What is required: Omit images. Retype all entries verbatim.

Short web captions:

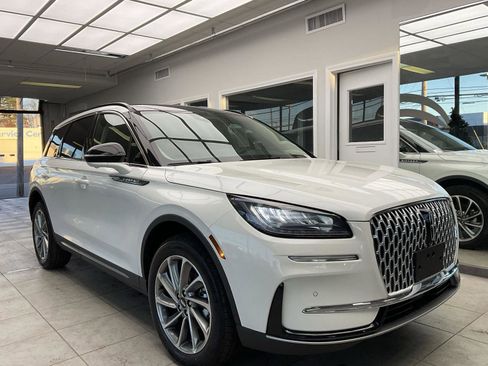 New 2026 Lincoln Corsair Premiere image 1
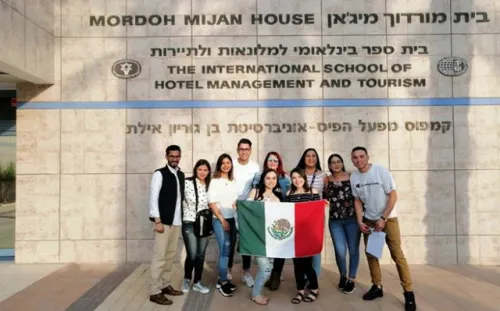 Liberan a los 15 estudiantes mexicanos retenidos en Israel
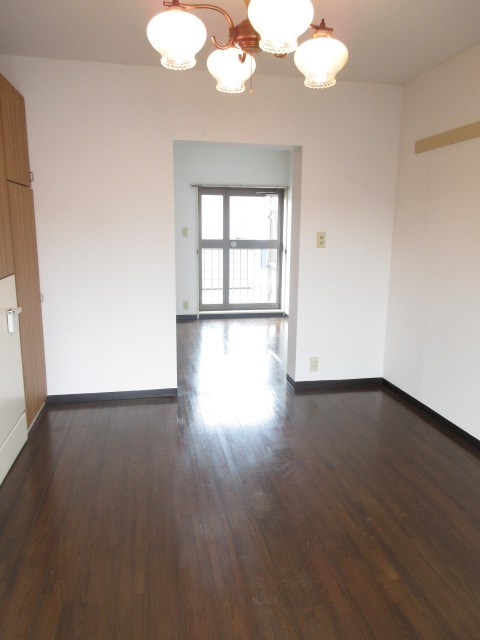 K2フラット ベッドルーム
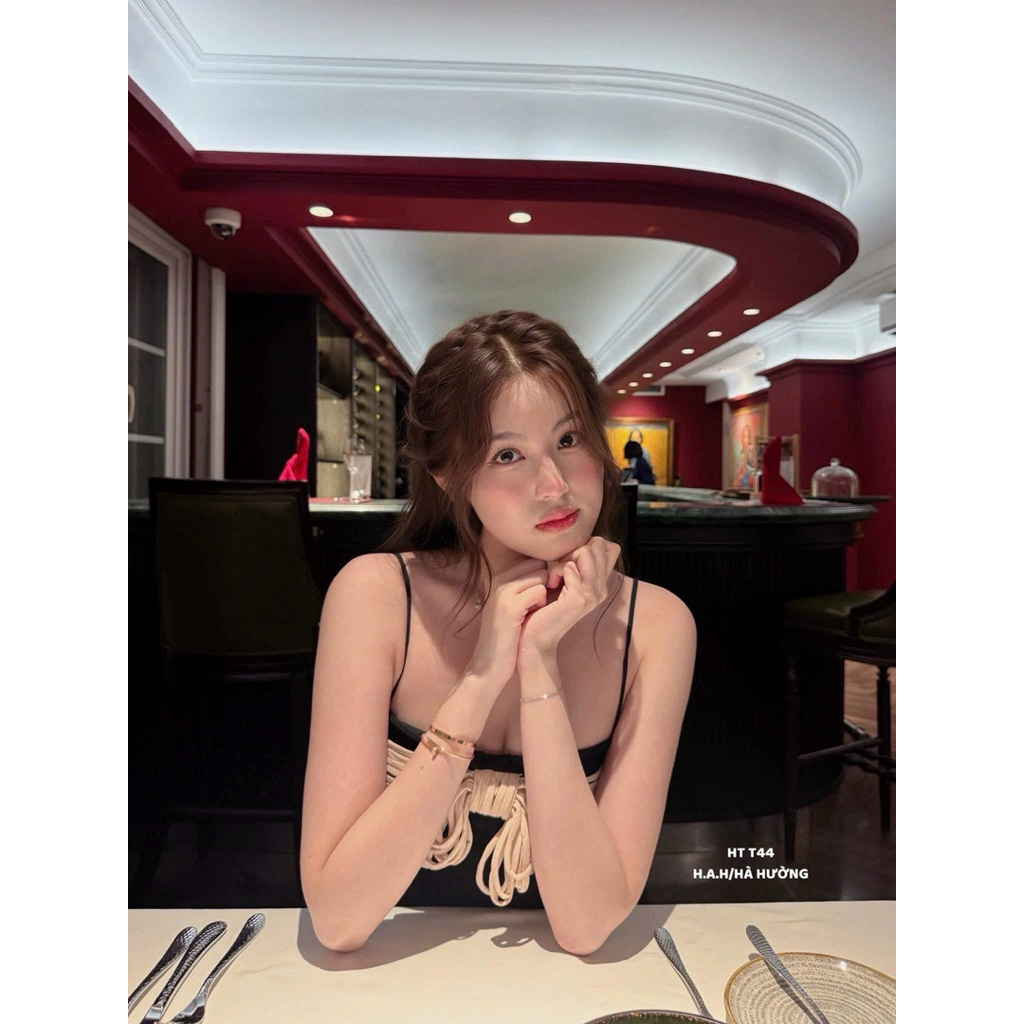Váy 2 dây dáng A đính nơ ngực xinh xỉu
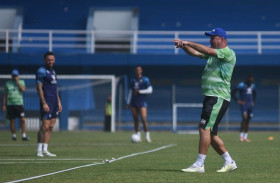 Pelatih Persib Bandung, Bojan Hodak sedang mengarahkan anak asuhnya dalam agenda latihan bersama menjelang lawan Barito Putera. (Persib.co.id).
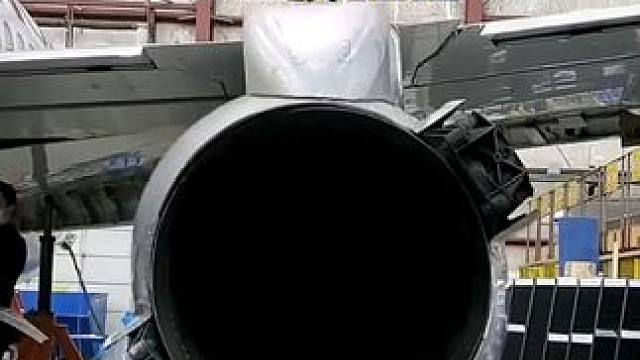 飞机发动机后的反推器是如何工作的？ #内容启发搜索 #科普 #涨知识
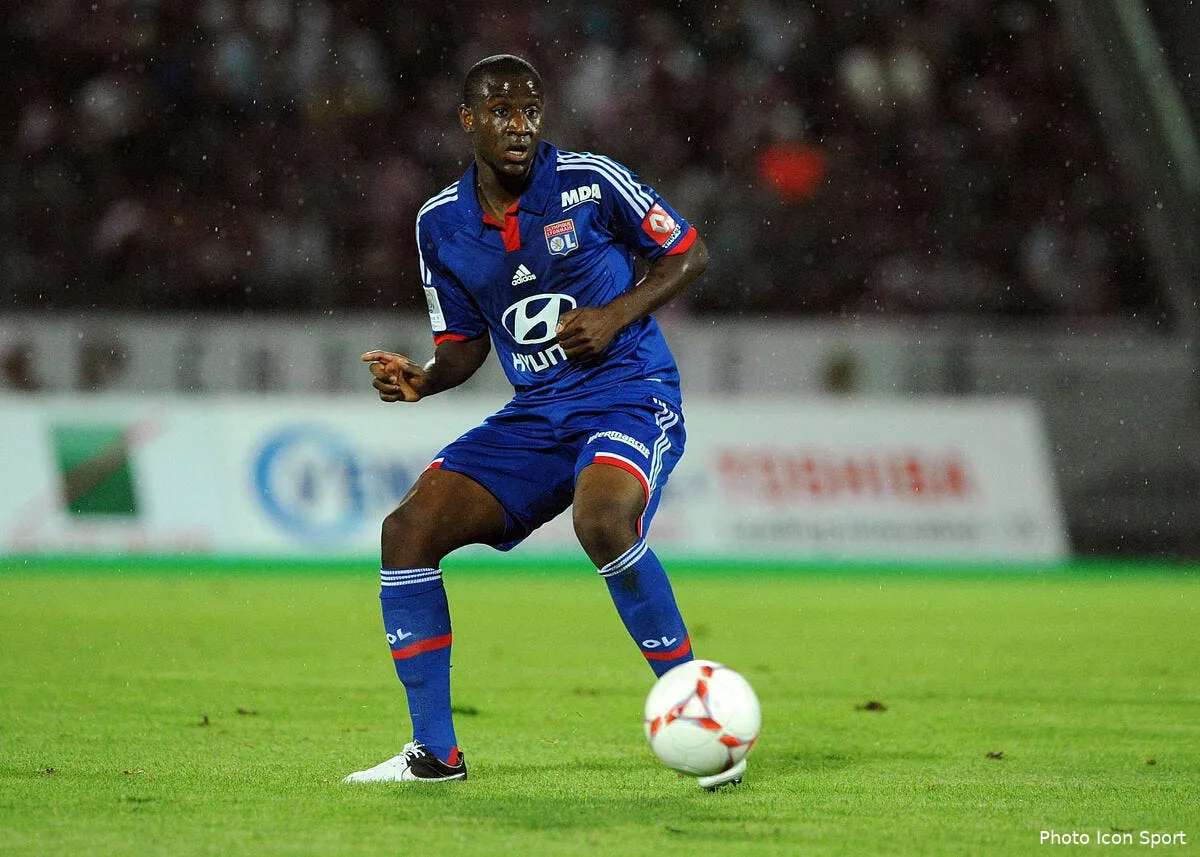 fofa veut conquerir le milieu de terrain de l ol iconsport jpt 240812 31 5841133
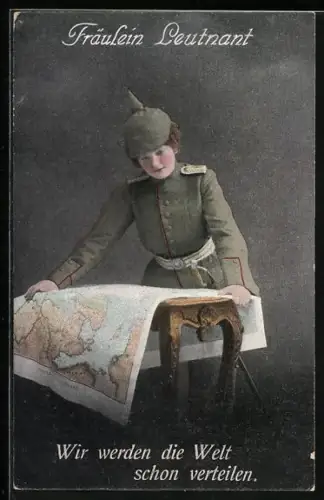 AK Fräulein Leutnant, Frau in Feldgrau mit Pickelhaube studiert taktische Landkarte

Response to the task:
 New 2026 Lincoln Corsair Premiere image 1
 Liberan a los 15 estudiantes mexicanos retenidos en Israel
 K2フラット ベッドルーム
Váy 2 dây dáng A đính nơ ngực xinh xỉu
 Pelatih Persib Bandung, Bojan Hodak sedang mengarahkan anak asuhnya dalam agenda latihan bersama menjelang lawan Barito Putera. (Persib.co.id).
 飞机发动机后的反推器是如何工作的？ #内容启发搜索 #科普 #涨知识
 fofa veut conquerir le milieu de terrain de l ol iconsport jpt 240812 31 5841133
 AK Fräulein Leutnant, Frau in Feldgrau mit Pickelhaube studiert taktische Landkarte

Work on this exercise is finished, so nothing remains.